Magh Bihu (মাঘ বিহু) (also called Bhogali Bihu (ভোগালী বিহু) (of eating Bhog i.e. enjoyment) or Maghar Domahi (মাঘৰ দোমাহী) is a harvest festival celebrated in Assam, North-East India, which marks the end of harvesting season in the month of Magh (January–February). A bonfire (Meji) is lit for the ceremonial conclusion and prayer to the God of Fire. The festival is developed by the Tibeto-Burman and Indo-aryan cultures and festivals Magan of Kachari.

Overview (Rituals)

The festival is marked by feasts and bonfires. Young people erect makeshift huts, known as Meji and Bhelaghar, from bamboo, leaves and thatch, and in Bhelaghar they eat the food prepared for the feast, and then burn the huts the next morning. The celebrations also feature traditional Assamese games such as tekeli bhonga (pot-breaking) and buffalo fighting.
Magh Bihu celebrations start on the last day of the previous month, the month of "Pooh", usually the 29th of Pooh is 14 January, and is the only day of Magh Bihu in modern times (earlier, the festival would last for the whole month of Magh, and so the name Magh Bihu). The night before is "Uruka" (28th of Pooh), when people gather around a bonfire, cook dinner, and make merry.

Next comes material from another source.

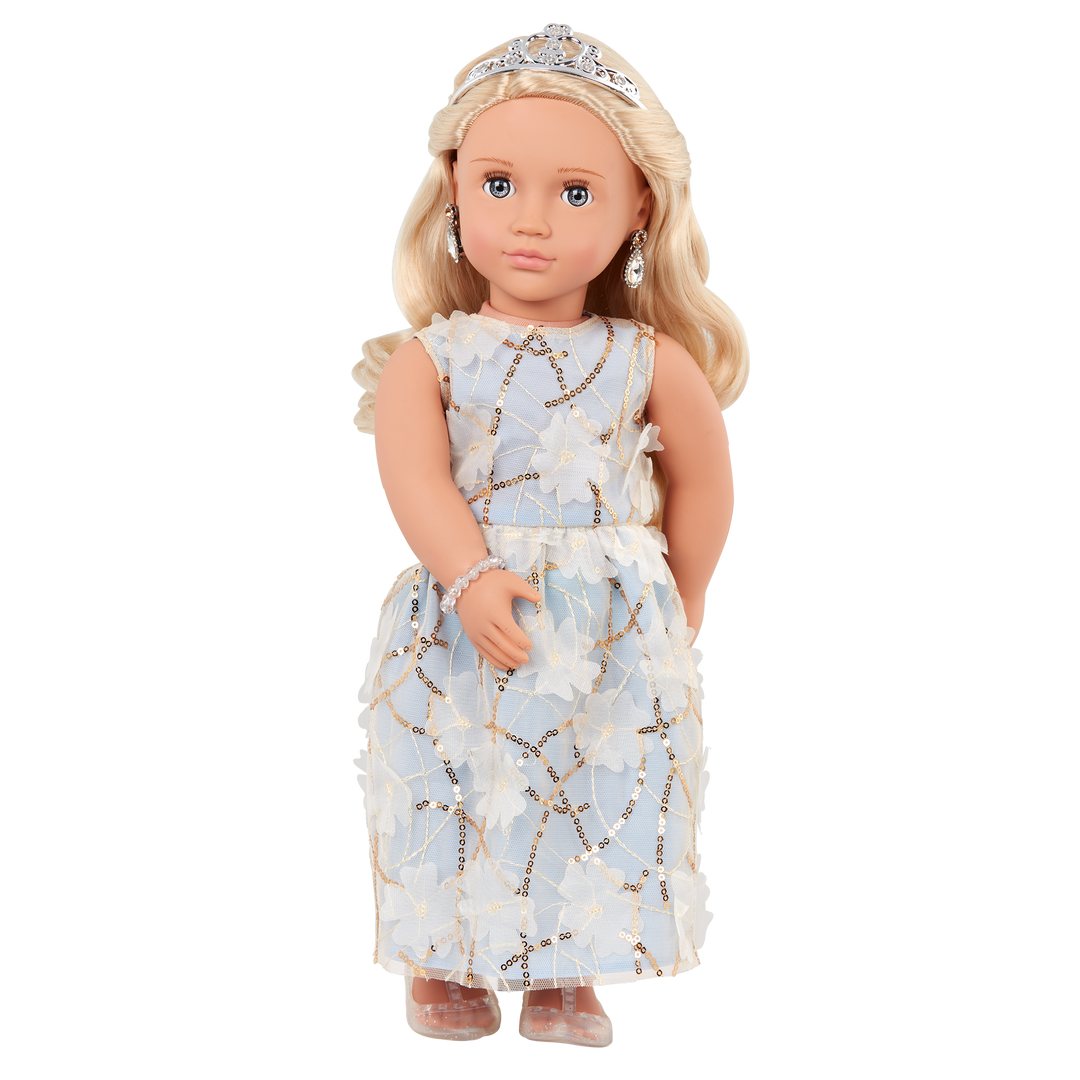 18 inch doll blonde hair blue eyes sales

During Magh Bihu, people of Assam make rice cakes with various names such as Sunga Pitha, Til Pitha etc. and some other sweets of coconut called Laru.

Uruka or Bihu Eve (Beginning)

The first day of Magh Bihu is known as Uruka or the Bihu Eve. The word Uruka is originally derived from the Deori-Chutia word Urukuwa which means "to end", signifying the end of the harvesting season as well the Pausha month. On this day, women folk get ready for the next day with food items like- Chira, Pitha, Laru, Curd. A feast is organised at night known as Bhuj (derived from the Sanskrit word "Bhojana"). Various indigenous communities prepare their rice beers usually undistilled like Chuji by Chutias, Nam-Lao by Tai-Ahom, Zou by Bodos, Aapong by Missing Tribe. Uruka feasting may be a family affair or communal. After the feasting, the Uruka is over. Hut-like structures called Bhelaghar are also built in the fields where people stay during the night. More often village youth pass the night in the Bhelaghars warming themselves by the fire and making use of the vegetables that they steal from the backyards of villagers which is considered a tradition.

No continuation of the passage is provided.